Our role is detailed in the Nominations and Corporate Governance Committee Charter, which was amended and
restated by the Board on November 2, 2012. The Nominations and Corporate Governance Committee Charter is
available on the company’s website at www.williams-sonomainc.com and is also available in print to any
stockholder who requests it. Specifically, we:
Periodically review and recommend to the Board suitable revisions to the corporate governance
guidelines applicable to the company and the categorical standards of independence applicable to the
company’s outside directors;
Periodically consider and review with the Board criteria for selecting new director candidates, identify
individuals qualified to become Board members and periodically assist in screening and evaluating
director candidates;
Consider director nominations and proposals from stockholders;
Review, make recommendations to the Board regarding, and approve, as appropriate, the compensation
policy for non-employee directors of the company;
Consider the resignation offer of any nominee for director who is not elected and recommend to the
Board the action we deem appropriate to be taken with respect to each such offered resignation in
accordance with the company’s majority voting bylaw and resignation policy; and
Oversee the evaluation of the Board and the company’s senior management team.
Does the Nominations and Corporate Governance Committee have a policy with regard to the consideration of
director candidates recommended by stockholders?
We adopted a Stockholder Recommendations Policy on March 16, 2004. It is our policy to consider
recommendations for candidates to the Board from stockholders holding no fewer than 500 shares of the
company’s common stock continuously for at least six months prior to the date of the submission of the
recommendation.
What are the procedures to be followed by stockholders in submitting recommendations of director candidates to
the Nominations and Corporate Governance Committee?

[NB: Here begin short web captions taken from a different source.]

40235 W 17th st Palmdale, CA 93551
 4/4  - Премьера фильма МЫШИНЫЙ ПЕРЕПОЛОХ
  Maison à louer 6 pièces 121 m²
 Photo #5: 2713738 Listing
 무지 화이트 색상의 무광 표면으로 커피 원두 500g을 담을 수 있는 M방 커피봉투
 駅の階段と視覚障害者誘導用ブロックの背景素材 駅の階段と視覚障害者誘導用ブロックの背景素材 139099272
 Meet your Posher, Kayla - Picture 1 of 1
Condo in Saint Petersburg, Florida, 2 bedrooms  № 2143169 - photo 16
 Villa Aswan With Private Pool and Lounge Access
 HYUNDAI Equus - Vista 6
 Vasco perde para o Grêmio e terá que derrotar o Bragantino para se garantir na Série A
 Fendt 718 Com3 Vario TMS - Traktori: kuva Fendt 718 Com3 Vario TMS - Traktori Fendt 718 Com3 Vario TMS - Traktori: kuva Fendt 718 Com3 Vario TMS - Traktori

The Nominations and Corporate Governance Committee will consider suggestions from stockholders regarding
possible director candidates for election at next year’s Annual Meeting. A stockholder that desires to recommend
a candidate for election to the Board shall direct the recommendation in writing to Williams-Sonoma, Inc.,
Attention: Corporate Secretary, 3250 Van Ness Avenue, San Francisco, California 94109. The recommendation
must include: (i) the candidate’s name, home and business contact information; (ii) detailed biographical data and
qualifications of the candidate; (iii) information regarding any relationships between the candidate and the
company within the last three years; (iv) evidence of the recommending person’s ownership of company
common stock; (v) a statement from the recommending stockholder in support of the candidate; and (vi) a
written indication by the candidate of his or her willingness to serve if elected. A stockholder that desires to
recommend a person directly for election to the Board at the company’s Annual Meeting must also meet the
deadlines and other requirements set forth in Rule 14a-8 of the Securities Exchange Act of 1934 and the
company’s Restated Bylaws, each of which are described in the “Stockholder Proposals” section of this Proxy
Statement.
Each director nominated in this Proxy Statement was recommended for election to the Board by the Nominations
and Corporate Governance Committee. The Board did not receive any notice of a director nominee
recommendation from any stockholder in connection with this Proxy Statement.